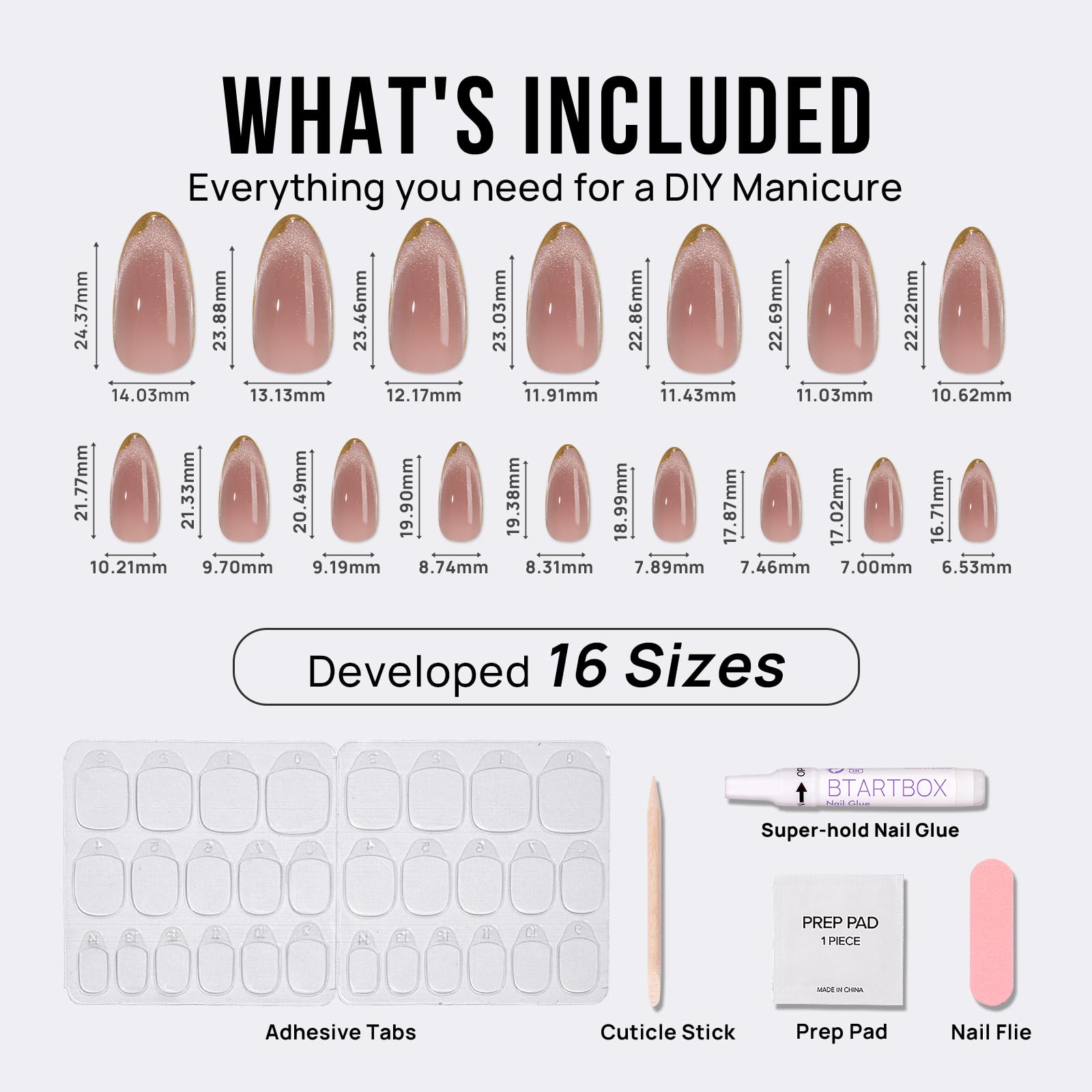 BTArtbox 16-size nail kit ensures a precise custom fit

:::::

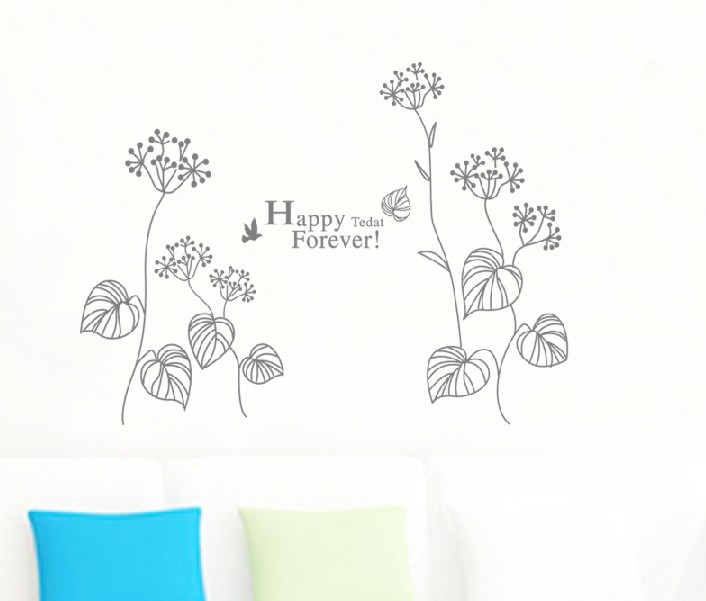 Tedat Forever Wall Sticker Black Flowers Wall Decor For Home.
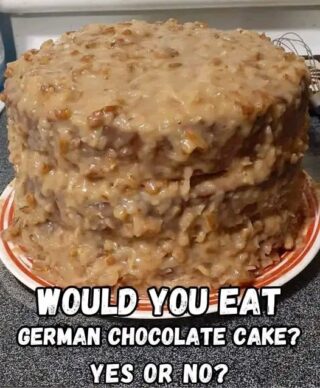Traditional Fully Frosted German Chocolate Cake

:::::

Copy out exactly the lines above beginning with the line that contains "Tedat Forever Wall" and finishing with the line that contains "Traditional Fully Frosted", including both; leave the pictures out.

 Tedat Forever Wall Sticker Black Flowers Wall Decor For Home.
Traditional Fully Frosted German Chocolate Cake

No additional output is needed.